Di questi personaggi il renowned doctor and scientist Nigam fa buon uso fino a metà racconto. Tanti percorsi promettenti e bene impostati ed elaborati: il medico Sonny alle prese con il transplanted man di cui si fa carico anche emotivamente; il paziente ricoverato per infarto che Sonny aiuta a fuggire dalla moglie e dall’amante; la vicenda coniugale in cui il marito azzanna una chiappa della moglie e questa si rivolge a una consulente che la convince a mandare all’aria il matrimonio; lo psicologo Giri cui gli indiani si rivolgono come dottor Guru – con la deferenza dovuta a un sant’uomo (lui lascia fare, male non fa). Sono vicende che vanno oltre la battuta, sono ben costruite, si entra in un mondo bislacco e divertente.
Solo che a metà del libro Nigam fa capire che ha in serbo dei messaggi – ha pronta una o più morali. E il racconto va a farsi friggere.

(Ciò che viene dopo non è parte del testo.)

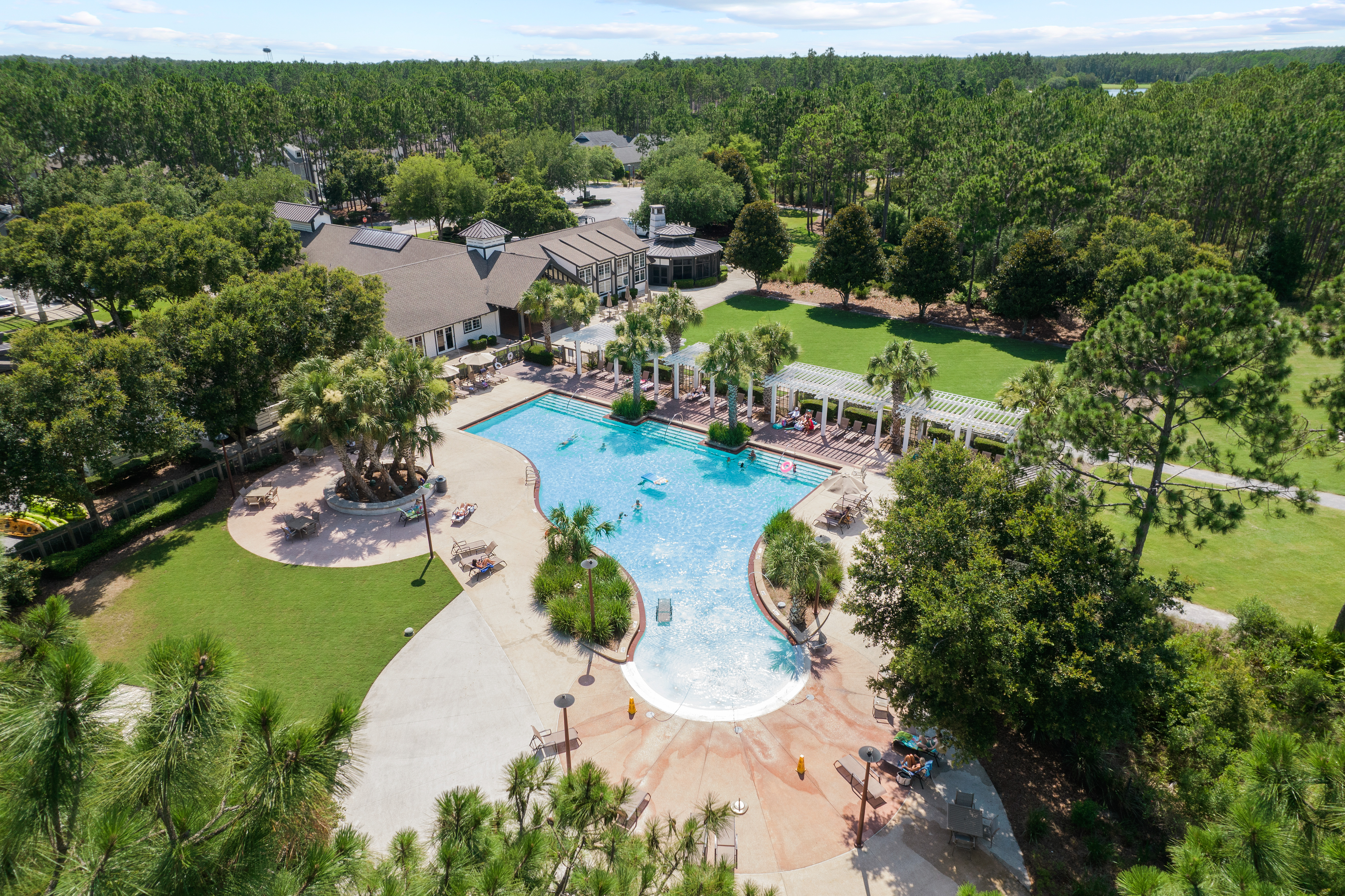  Custom Home Backing To State Forest And Coastal Dune Lake - 物件實景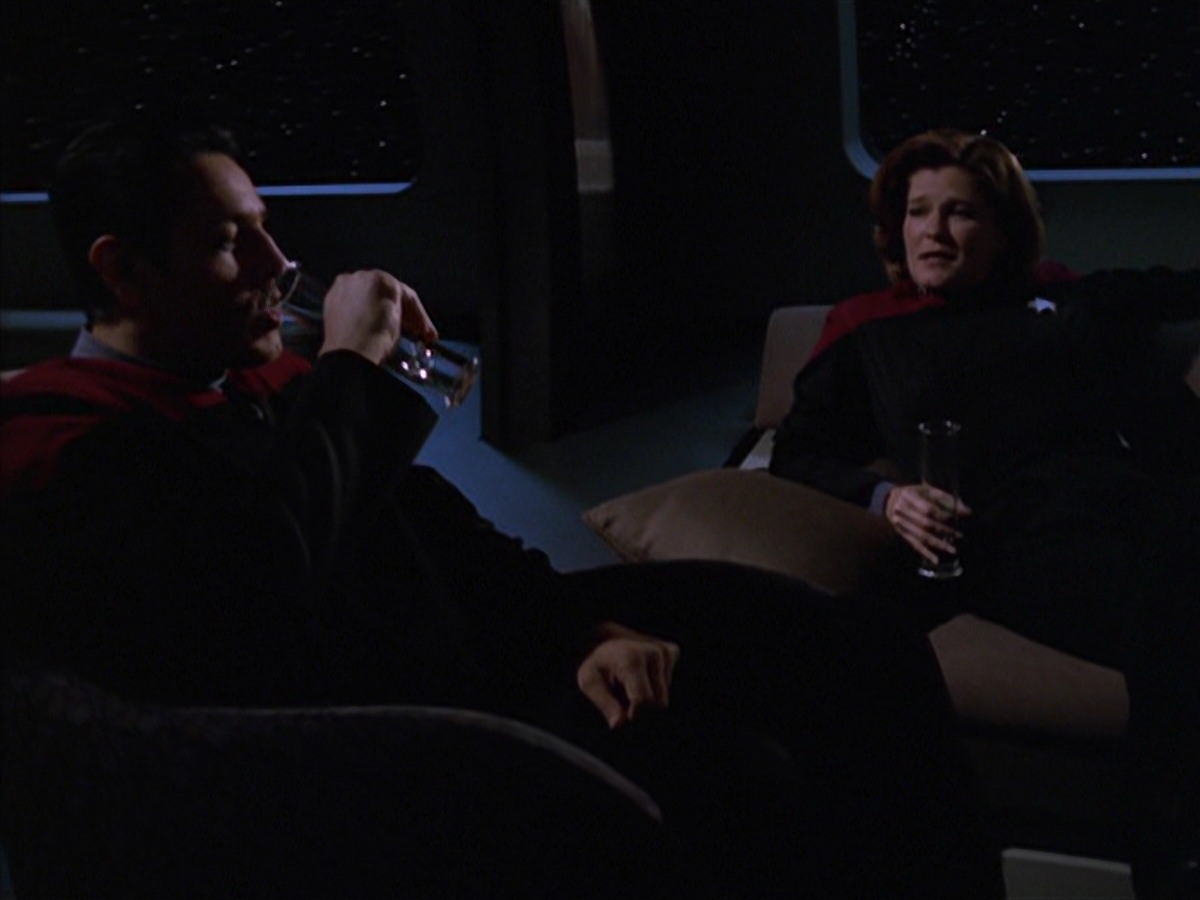 extant_StarTrek_VOY_7x11-Shattered_3557.jpg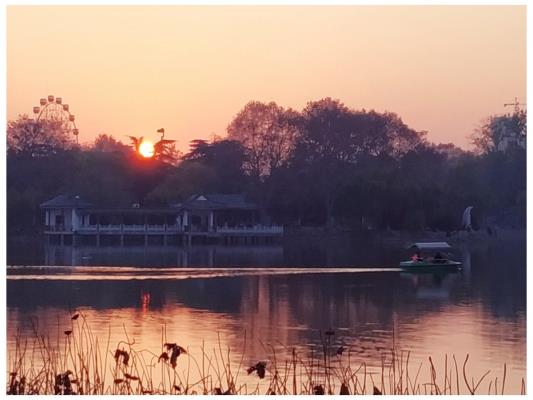 夕陽映龍湖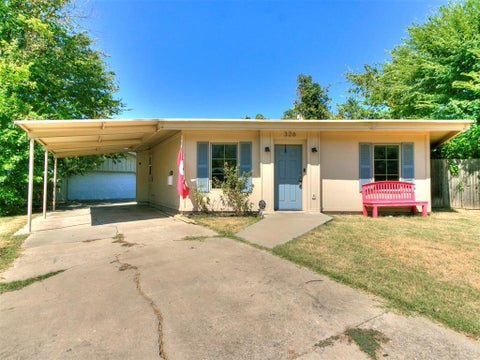 Photo of 326 Atterberry Drive, Norman, OK 73071 (MLS # 1249121)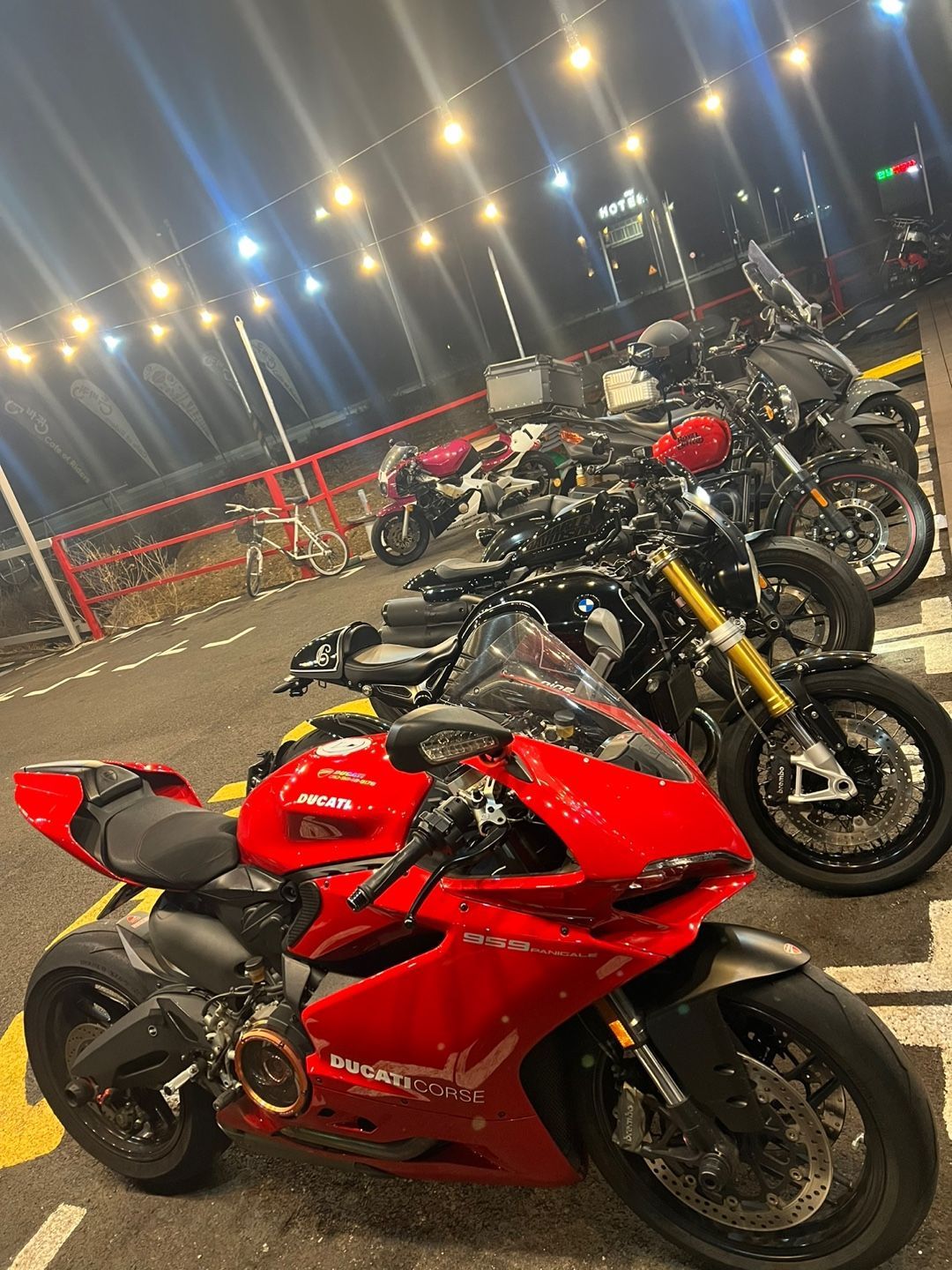 두카티 959 파니갈레 more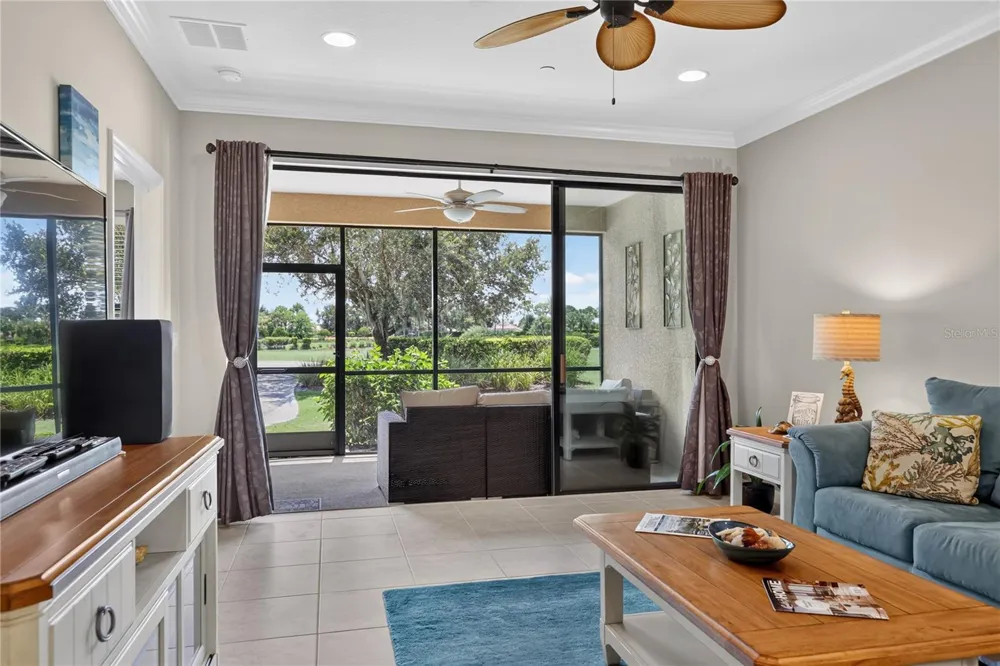 12710 SORRENTO WAY #101 Bradenton, FL 34211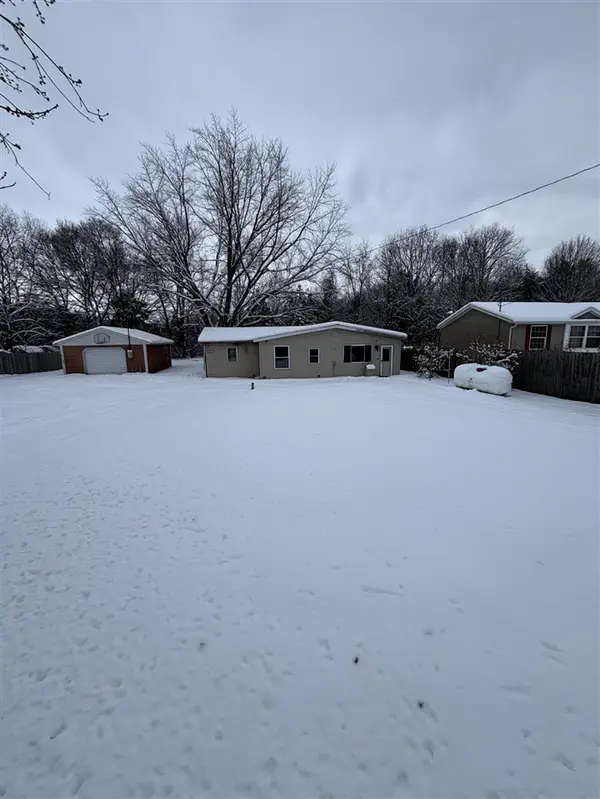 2112 101st, Otsego, MI 49078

Così l’uomo ipocinetico diventa forse un mistico che entra forse in contatto con Sonny durante gli episodi di sonnambulismo di quest’ultimo, che però forse sono altra cosa rispetto al sonnambulismo. Tant’è che in uno stato forse di trance Sonny guarisce perfettamente l’uomo trapiantato agonizzante (non si saprà mai come abbia fatto), il quale però viene ucciso a tre pagine dalla fine del libro, libro che finisce con Sonny che s’infila «between the doors [della metropolitana] just before they shut. The train gathered speed. So did the hypokinetic man». Due colleghi di Sonny partono per un viaggio motociclistico dell’India (interiore, ovvio); il ricercatore sull’insonnia se la vede brutta perché gli rubano le cavie, poi però ne ritrova una e si salva e salva l’azienda farmaceutica che ha puntato su di lui… Salta fuori anche la madre di Sonny, la quale annuncia al figlio che il padre che lui non ha mai conosciuto vuole incontrarlo, ora che sta per morire, ma Sonny non fa in tempo, ah drammone – e poi il sonnambulismo ha a che fare con il padre non conosciuto! La fidanzata lo lascia, mica può restare con un tale rompiballe.
Insomma, una baraonda di fatti scopertamente edificanti da cui uno si distacca rapidamente anche se dispiaciuto. Il racconto diventa sciatto, si entra in contatto con moralismi à la Jung – bisogna riflettere, chissà, magari trovare se stessi, o meglio, il proprio luogo o magari non-luogo: il testo è pieno di riferimenti ad «altri luoghi», alcune volte blandamente suggestivi, altre vere e proprie scemenze, come le bolle visualizzate dalla fidanzata irrequieta al corso di yoga antisesso, nelle quali intrufolarsi e trovare un mondo «lì» da cui vedere il mondo «qui» e in cui trovare pace dei sensi; o la tiritera finale del transplanted man a Sonny perché vada in India – ah, le radici!; o ancora il cane Tandoori che lascia Sonny e la sua fidanzata, perché è un cane di strada e la strada è il suo mondo, pur accompagnando fino a casa Sonny sonnambulo.
Non male fino a metà. Poi sempre peggio. Scrivendo questa scheda, ripensandoci bene – che boiata.